If you’re subject to HMO licensing, then your local council will inspect your property and assess health and safety risks according to the Housing Health and Safety Rating System (HHSRS).

Even if you don’t need a licence, the HMO management regulations mean you’re required to ensure your HMO is free of major hazards and safe for people to live in. So either way, the HHSRS represents best practice. You can always pay for a third-party assessor to come in and assess your property against the HHSRS.

Read more about the HHSRS here.

Regardless of whether you’re subject to licensing or not, any HMO owner should pay particular attention to fire safety, and gas and electric safety. Let’s look at these areas in turn.

Fire safety

Because you have more people living in the property, the risk of fire or harm is higher than in a normal residence. For example, tenants may have duplicate appliances (meaning there are more ignition sources), you have more tenants using the same escape routes, and there are usually more internal locks (i.e. on bedroom doors), which can impede escape.

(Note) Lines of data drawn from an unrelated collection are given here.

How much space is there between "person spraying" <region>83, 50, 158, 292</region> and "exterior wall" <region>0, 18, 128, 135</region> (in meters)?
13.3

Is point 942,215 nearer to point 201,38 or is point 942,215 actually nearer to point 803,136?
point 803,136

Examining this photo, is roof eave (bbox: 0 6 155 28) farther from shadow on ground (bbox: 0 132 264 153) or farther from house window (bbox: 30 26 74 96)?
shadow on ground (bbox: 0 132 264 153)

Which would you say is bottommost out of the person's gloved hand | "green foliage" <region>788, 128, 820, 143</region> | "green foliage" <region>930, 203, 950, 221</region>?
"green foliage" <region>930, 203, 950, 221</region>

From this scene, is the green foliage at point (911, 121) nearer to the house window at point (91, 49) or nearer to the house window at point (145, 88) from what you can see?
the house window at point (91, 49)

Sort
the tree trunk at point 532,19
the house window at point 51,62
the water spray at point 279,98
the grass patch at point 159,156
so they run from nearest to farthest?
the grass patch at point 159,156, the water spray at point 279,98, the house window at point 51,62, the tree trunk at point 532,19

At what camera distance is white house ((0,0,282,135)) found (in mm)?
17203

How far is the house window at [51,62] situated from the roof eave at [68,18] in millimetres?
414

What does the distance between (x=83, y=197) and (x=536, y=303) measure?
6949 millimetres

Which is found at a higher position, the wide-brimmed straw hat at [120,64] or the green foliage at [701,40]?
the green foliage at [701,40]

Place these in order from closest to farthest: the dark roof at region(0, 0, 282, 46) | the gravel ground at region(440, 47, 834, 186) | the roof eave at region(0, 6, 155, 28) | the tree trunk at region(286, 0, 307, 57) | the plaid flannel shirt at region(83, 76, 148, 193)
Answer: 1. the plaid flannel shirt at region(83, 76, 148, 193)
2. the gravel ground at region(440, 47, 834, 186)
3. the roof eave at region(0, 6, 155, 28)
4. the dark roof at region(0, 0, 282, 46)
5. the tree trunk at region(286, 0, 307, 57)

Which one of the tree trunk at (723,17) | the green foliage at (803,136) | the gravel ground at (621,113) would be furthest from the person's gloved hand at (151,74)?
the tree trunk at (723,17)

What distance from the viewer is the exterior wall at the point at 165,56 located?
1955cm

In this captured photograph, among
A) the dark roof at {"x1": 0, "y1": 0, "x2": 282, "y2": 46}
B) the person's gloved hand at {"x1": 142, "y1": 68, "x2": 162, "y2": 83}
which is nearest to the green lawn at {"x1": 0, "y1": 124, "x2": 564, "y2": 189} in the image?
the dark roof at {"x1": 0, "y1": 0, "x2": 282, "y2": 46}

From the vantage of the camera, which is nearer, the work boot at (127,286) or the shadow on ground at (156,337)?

Fire safety is assessed on a case-by-case basis and will depend on the size of your property, the number of storeys and number of people living there. For example, a large HMO may require emergency lighting, while a smaller HMO probably won’t. In general, though, the following fire safety measures are recommended:

• A fire alarm system, with alarms placed in all the bedrooms, communal areas and hallways. These alarms will need to be regularly tested and maintained.
• Locks on exit doors that can be opened without a key (thumb turn locks are ideal).
• Fire doors in the bedrooms and communal areas.
• Escape routes that are kept clear and free of obstruction. It’s also a good idea to clearly mark fire exits.
• Fire extinguishers in the hallways and a fire blanket in the kitchen.

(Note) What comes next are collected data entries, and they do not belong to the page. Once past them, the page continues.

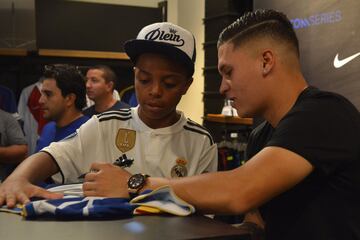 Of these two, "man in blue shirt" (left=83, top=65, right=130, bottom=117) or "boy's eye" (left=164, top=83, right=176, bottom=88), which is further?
"man in blue shirt" (left=83, top=65, right=130, bottom=117)

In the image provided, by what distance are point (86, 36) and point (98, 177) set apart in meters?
4.45

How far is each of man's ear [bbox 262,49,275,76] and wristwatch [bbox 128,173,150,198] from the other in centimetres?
45

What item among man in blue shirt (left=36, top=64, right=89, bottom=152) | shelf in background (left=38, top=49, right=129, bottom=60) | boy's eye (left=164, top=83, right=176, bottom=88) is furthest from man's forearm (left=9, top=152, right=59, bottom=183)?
shelf in background (left=38, top=49, right=129, bottom=60)

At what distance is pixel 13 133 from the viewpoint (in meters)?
3.37

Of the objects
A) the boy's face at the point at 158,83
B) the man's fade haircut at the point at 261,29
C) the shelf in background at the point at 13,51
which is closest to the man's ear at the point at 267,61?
the man's fade haircut at the point at 261,29

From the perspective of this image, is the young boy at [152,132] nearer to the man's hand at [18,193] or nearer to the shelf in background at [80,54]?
the man's hand at [18,193]

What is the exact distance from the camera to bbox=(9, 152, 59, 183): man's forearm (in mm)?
1220

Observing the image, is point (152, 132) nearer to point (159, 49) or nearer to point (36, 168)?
point (159, 49)

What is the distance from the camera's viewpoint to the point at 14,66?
17.4 ft

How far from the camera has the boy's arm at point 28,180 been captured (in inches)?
41.7

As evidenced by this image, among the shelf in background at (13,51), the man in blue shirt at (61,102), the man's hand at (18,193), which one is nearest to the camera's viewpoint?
the man's hand at (18,193)

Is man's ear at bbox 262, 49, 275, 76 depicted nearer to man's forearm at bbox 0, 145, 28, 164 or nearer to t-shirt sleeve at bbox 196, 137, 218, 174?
t-shirt sleeve at bbox 196, 137, 218, 174

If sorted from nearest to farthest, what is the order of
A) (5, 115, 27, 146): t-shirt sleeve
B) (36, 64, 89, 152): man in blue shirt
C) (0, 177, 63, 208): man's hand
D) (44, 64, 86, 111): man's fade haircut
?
(0, 177, 63, 208): man's hand < (36, 64, 89, 152): man in blue shirt < (44, 64, 86, 111): man's fade haircut < (5, 115, 27, 146): t-shirt sleeve

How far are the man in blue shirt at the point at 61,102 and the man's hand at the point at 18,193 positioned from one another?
1.65 m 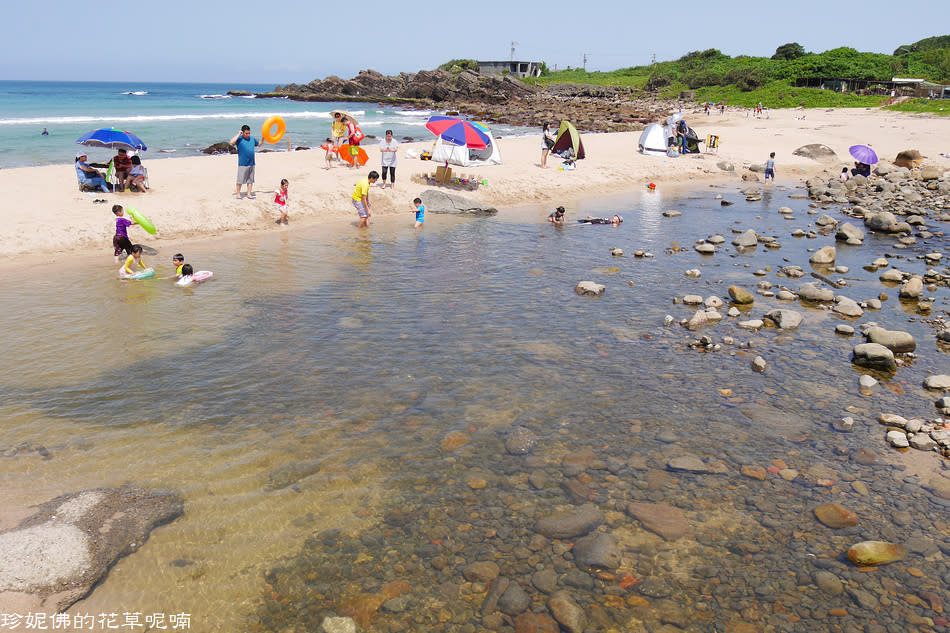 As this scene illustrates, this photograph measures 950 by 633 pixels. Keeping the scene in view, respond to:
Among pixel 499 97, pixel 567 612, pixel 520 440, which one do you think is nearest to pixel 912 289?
pixel 520 440

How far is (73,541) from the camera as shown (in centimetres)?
608

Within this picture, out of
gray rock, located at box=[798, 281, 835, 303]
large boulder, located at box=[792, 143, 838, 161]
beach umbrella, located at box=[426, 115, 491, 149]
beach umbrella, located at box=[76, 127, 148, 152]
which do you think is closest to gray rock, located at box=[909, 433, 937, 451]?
gray rock, located at box=[798, 281, 835, 303]

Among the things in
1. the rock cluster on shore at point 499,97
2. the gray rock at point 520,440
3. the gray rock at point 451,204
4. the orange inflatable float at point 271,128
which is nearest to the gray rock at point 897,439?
the gray rock at point 520,440

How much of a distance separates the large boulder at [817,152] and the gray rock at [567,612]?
4111 centimetres

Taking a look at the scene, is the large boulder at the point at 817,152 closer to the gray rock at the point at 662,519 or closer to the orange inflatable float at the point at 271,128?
the orange inflatable float at the point at 271,128

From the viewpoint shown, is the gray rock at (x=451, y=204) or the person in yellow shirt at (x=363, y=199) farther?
the gray rock at (x=451, y=204)

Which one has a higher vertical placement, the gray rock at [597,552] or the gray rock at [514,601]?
the gray rock at [597,552]

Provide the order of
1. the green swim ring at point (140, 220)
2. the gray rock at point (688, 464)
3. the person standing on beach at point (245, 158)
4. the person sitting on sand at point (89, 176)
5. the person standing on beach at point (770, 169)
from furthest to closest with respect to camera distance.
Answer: the person standing on beach at point (770, 169), the person sitting on sand at point (89, 176), the person standing on beach at point (245, 158), the green swim ring at point (140, 220), the gray rock at point (688, 464)

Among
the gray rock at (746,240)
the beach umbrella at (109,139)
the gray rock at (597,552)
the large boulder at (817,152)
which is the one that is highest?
the large boulder at (817,152)

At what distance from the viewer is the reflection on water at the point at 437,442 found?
5910mm

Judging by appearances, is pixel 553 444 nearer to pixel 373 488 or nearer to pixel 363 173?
pixel 373 488

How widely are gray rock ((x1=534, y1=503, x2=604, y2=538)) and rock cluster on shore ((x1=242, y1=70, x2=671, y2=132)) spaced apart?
5343cm

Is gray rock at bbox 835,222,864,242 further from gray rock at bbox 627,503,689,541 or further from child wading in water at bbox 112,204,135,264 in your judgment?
child wading in water at bbox 112,204,135,264

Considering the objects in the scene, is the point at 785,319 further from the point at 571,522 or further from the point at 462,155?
the point at 462,155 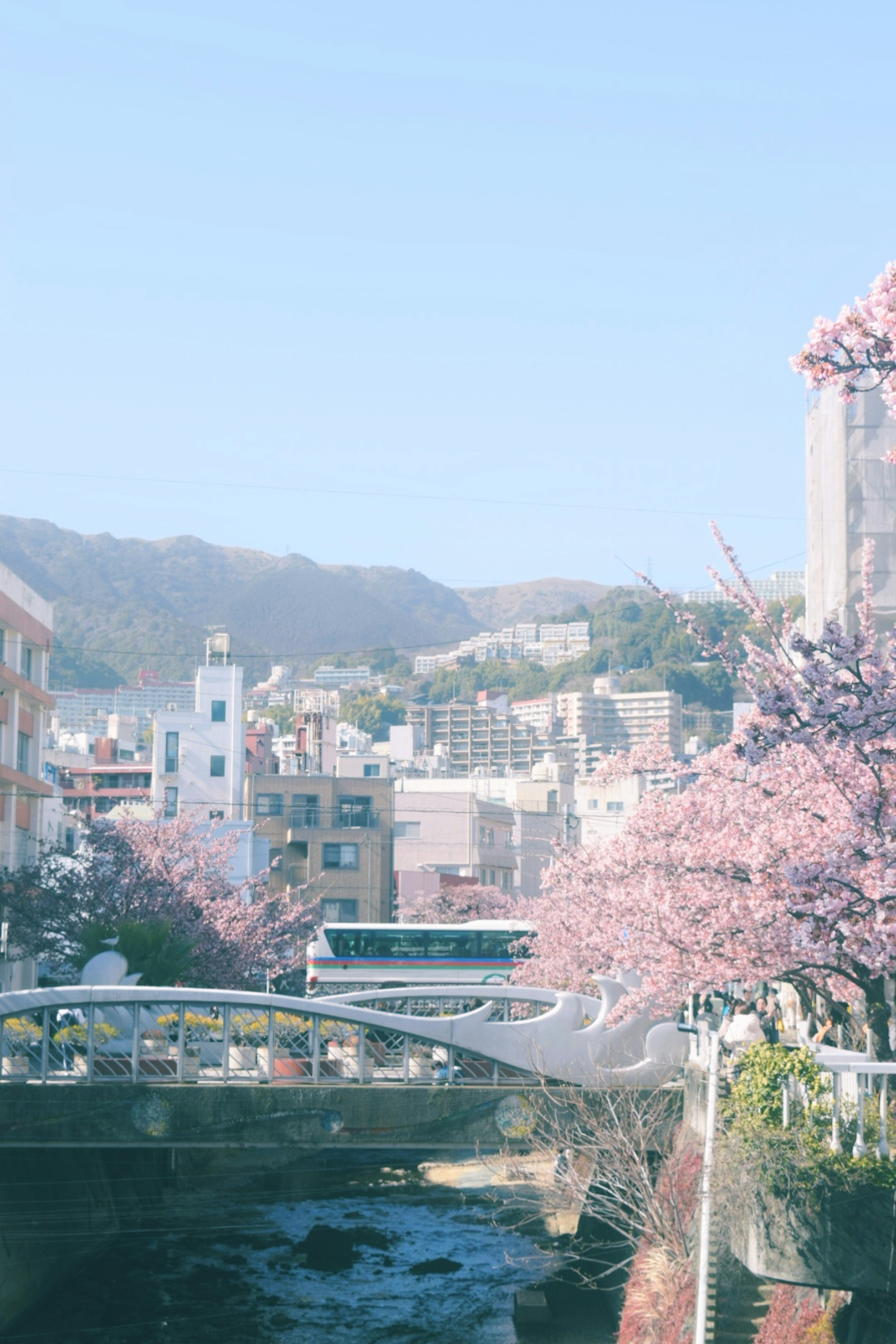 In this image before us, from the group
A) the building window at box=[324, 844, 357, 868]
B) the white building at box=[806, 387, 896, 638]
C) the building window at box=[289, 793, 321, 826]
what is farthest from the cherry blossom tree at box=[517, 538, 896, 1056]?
the building window at box=[289, 793, 321, 826]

Pro tip: Talk to your local HMO Enforcement Officer to get advice that’s tailored to your property and local authority requirements.

Gas and electric safety

You must have an annual gas safety check done on any gas appliances and related flues provided in the property – this includes your boilers, water heaters, gas fires and gas cookers with a flue. Inspections must be carried out by a Gas Safe registered engineer, and you’ll need to send a copy of the annual gas safety check certificate every year to your local authority. You should display a copy in the house, too.

Likewise, you’ll need to have all fixed electrical installations (wiring, lighting, socket outlets, etc.) inspected every five years and obtain an electrical installation condition report (EICR). The inspection should be done by a qualified electrician and you can find one through the Registered Competent Person Electrical Register. You don’t need to send a copy of the EICR to the local council, but you should keep hold of it in case the council asks to see a copy.

Finally, any portable electrical appliances (like fridges, microwaves, etc.) supplied by you also need to be inspected regularly, meaning you should have portable appliance testing (PAT testing) done annually on all appliances.

You can use the catagory search menu at the top right of the page to see all other HMO articles in this series. You can also download our free HMO ebook (written by our CEO Nicholas Wallwork) and ask any questions in the HMO forum.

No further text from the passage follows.